Pink has a unique quality of being simultaneously soft and vibrant, warm and slightly artificial. It's a color that exists in that threshold I'm so interested in: between the natural and the fabricated, the intimate and the scenic. I'm especially drawn to how pink transforms the perception of a space or object. It can make something monumental feel welcoming, or give an everyday element a dreamlike quality. It’s a color that immediately alters our relationship with what we're seeing, inviting a more attentive, more curious gaze. There's also something about pink that evokes a certain temporality, as if it belonged simultaneously to the past and the future. It has that ability to reference nostalgia and at the same time the utopian. This temporal ambiguity resonates with my interest in creating works that exist in multiple temporal dimensions, that cannot be fixed to a specific moment.

Andres Reisinger Shot Magazine Interview

Your work moves between the conceptual and the physical, often pushing the viewer to question what is real and what is not. Blurring the boundaries of reality is a powerful gesture, but when those boundaries dissolve, what remains in your view? A sense of freedom, disorientation, or perhaps a new way of seeing?

What remains when these boundaries dissolve is a space of possibility. It's not so much absolute freedom or complete disorientation, but a state of heightened attention where our habitual categories are momentarily suspended and we can perceive connections that we normally overlook.I'm interested in that specific moment when our perception falters, when what we thought we knew becomes slightly strange for an instant. It's in that hesitation where the possibility of seeing differently emerges, of questioning our own frames of reference. I don't seek to permanently eliminate these boundaries, but to create experiences that remind us of their permeability, their constructed nature. It's a reminder that what we call "reality" is always a negotiation between different forms of perception and knowledge, never something fixed or definitive.

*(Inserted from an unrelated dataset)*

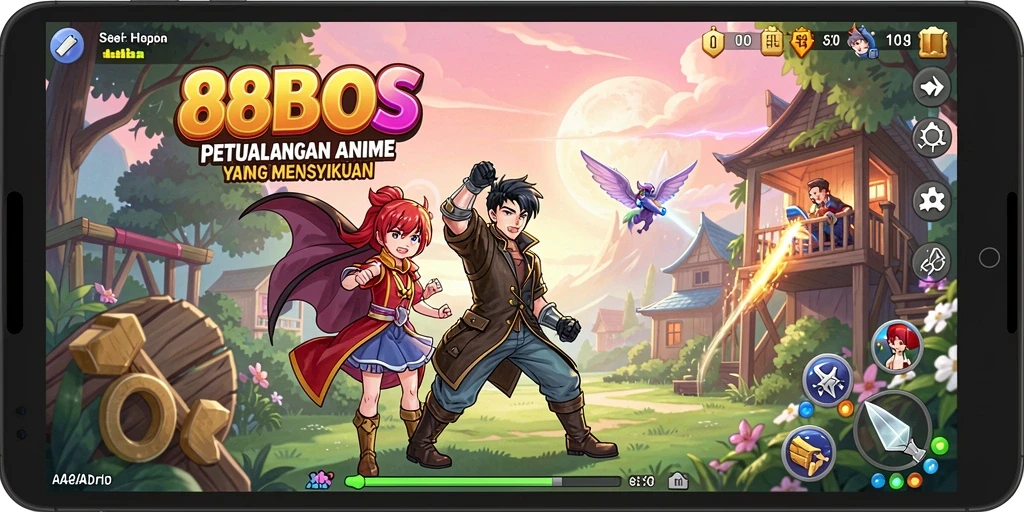 Screenshot gameplay 88BOS menampilkan pertarungan karakter anime yang dinamis.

Do you remember the moment when Take Over took shape in your mind? Did it come from a precise image or from a conceptual urgency?

Take Over emerged from a continuous observation of how certain institutional spaces seem to resist nature, keeping it at a distance through strict aesthetic conventions. The idea didn't emerge as a complete image, but as a question: what would happen if the natural reclaimed these aseptic spaces, not violently, but through a soft yet insistent presence? It was the tension between these apparent opposites, the institutional and the natural, the controlled and the organic, that initially attracted me. The visual materialization came later, through a process of experimentation where I was precisely seeking that point of balance where the intervention wouldn't feel threatening, but would invite a reconsideration of the space and our relationship with it.

Andres Reisinger Shot Magazine Interview Take Over Series
ndres Reisinger Shot Magazine Interview Take Over Series

A digital work is, in some way, fully controlled. But when Take Over became a physical installation, it began to interact with context, audience, and time. What kind of transformation did you perceive? And how did the idea of making it tangible first emerge?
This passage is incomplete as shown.